TASK REQUIREMENTS
Please print, exactly, only the lines in the entries below from the line that has "Open book with cross symbol" through the line that has "Pioneer cdx m40 m60 - pioneer, service". Pictures don't go in.
** Opening SUPPLIED INFORMATION block **
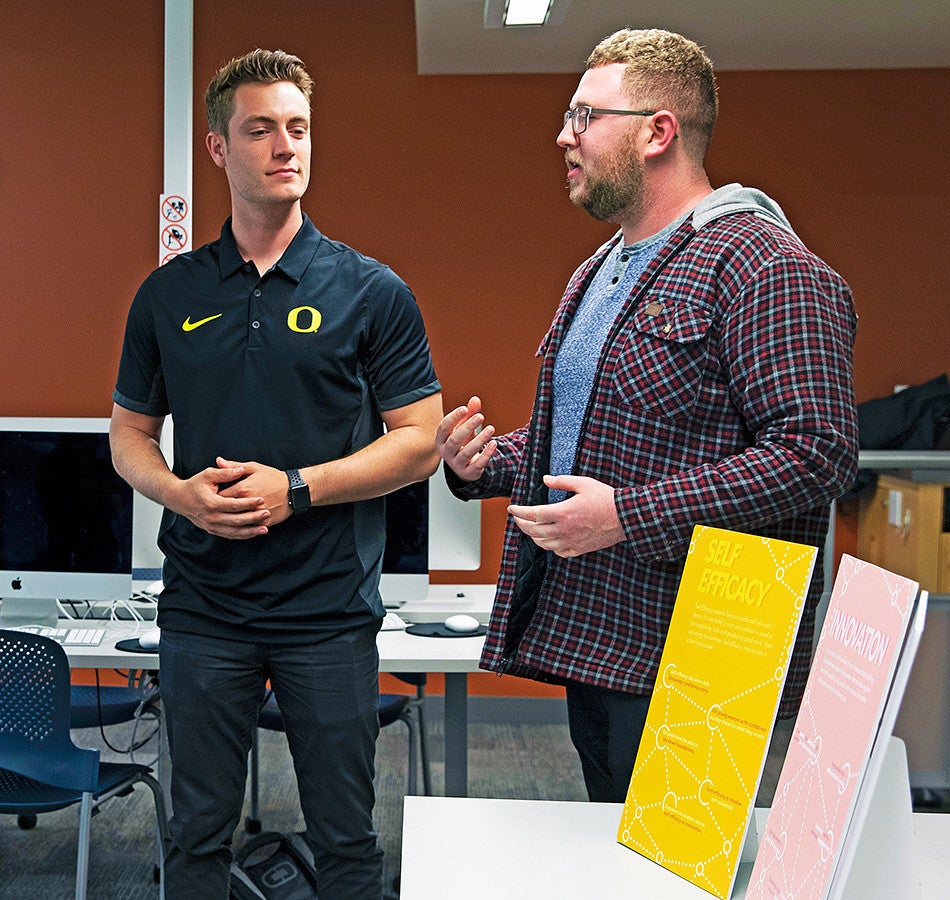 two students present their project on brand responsibility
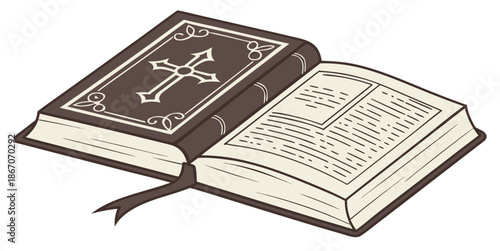 Open book with cross symbol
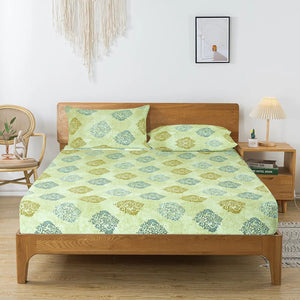 Printed Damask Cotton 250 TC Fitted Bedsheet with Pillow Covers - Green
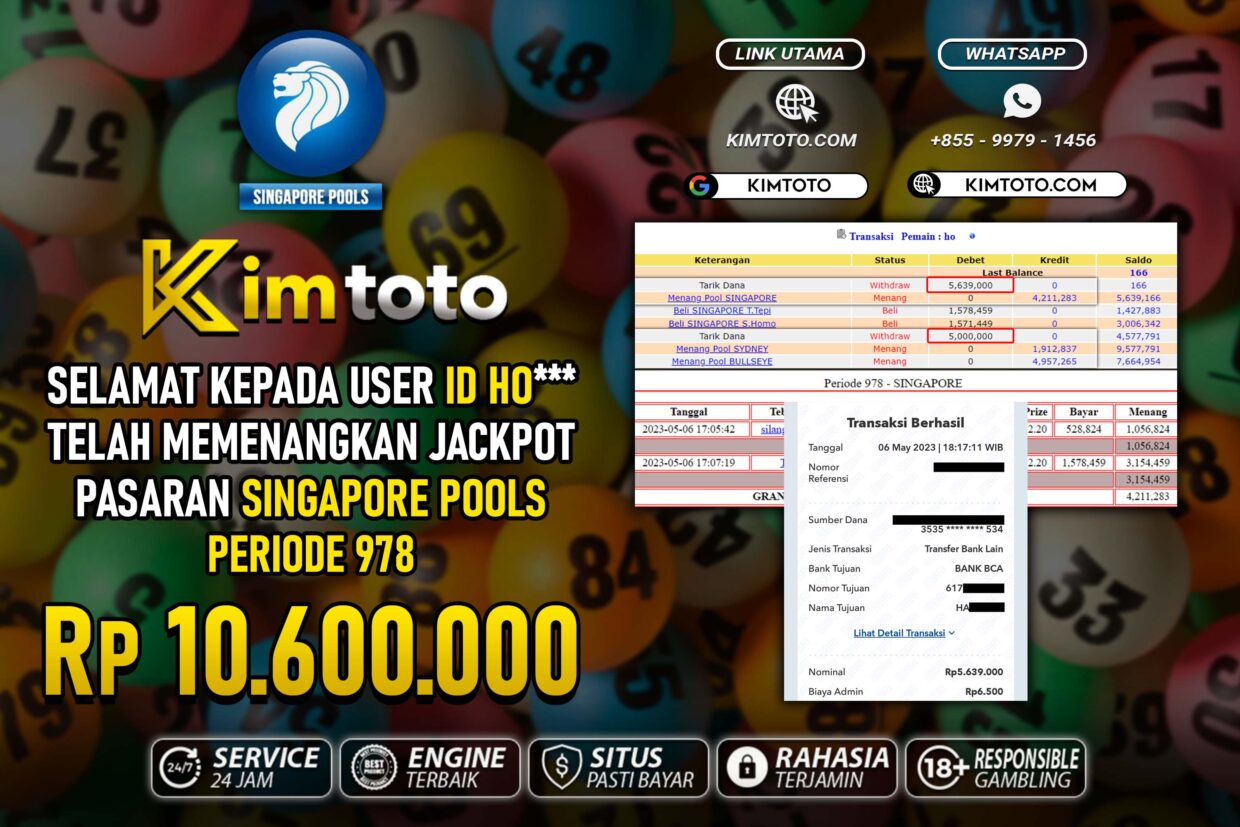 BUKTI PEMBAYARAN MEMBER JP TOGEL SINGAPORE DI KIMTOTO USER ID RO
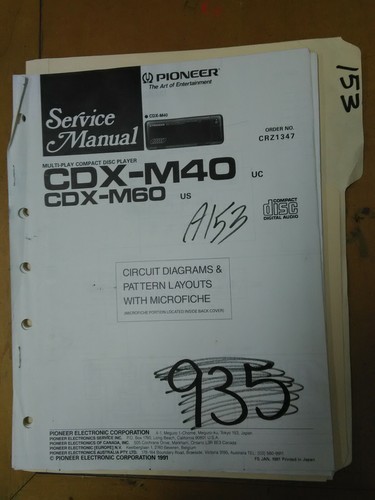 Pioneer cdx m40 m60 - pioneer, service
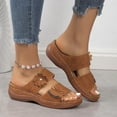 thumbnail image 4 of AXXD Brown Summer Sandals for Women Wedge Summer Beach Mothers Day, 4 of 5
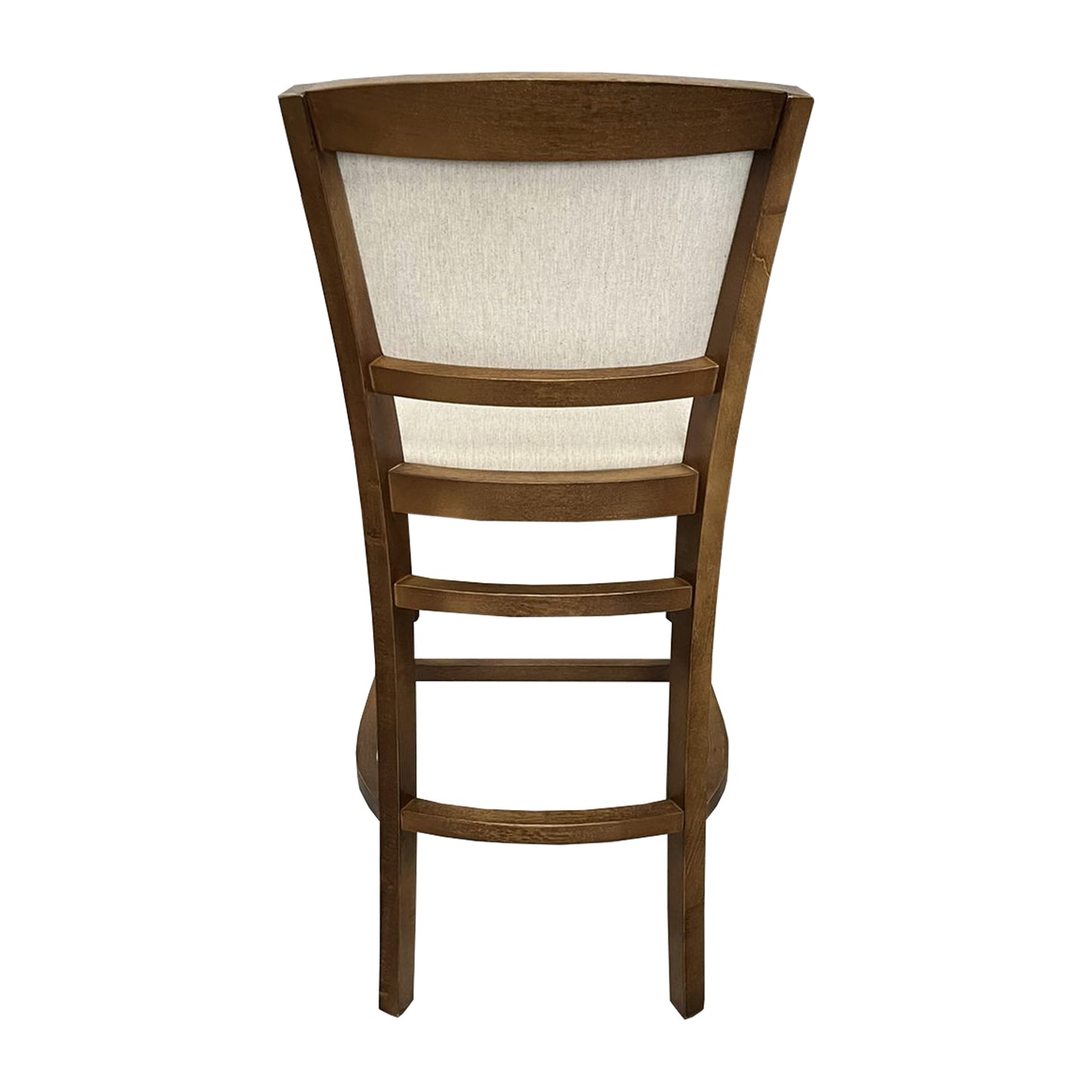 Taburete London Color Pino Asiento Tapizado Lino Crema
** Closing SUPPLIED INFORMATION block **
COMPLETED TASK
 Open book with cross symbol
 Printed Damask Cotton 250 TC Fitted Bedsheet with Pillow Covers - Green
 BUKTI PEMBAYARAN MEMBER JP TOGEL SINGAPORE DI KIMTOTO USER ID RO
 Pioneer cdx m40 m60 - pioneer, service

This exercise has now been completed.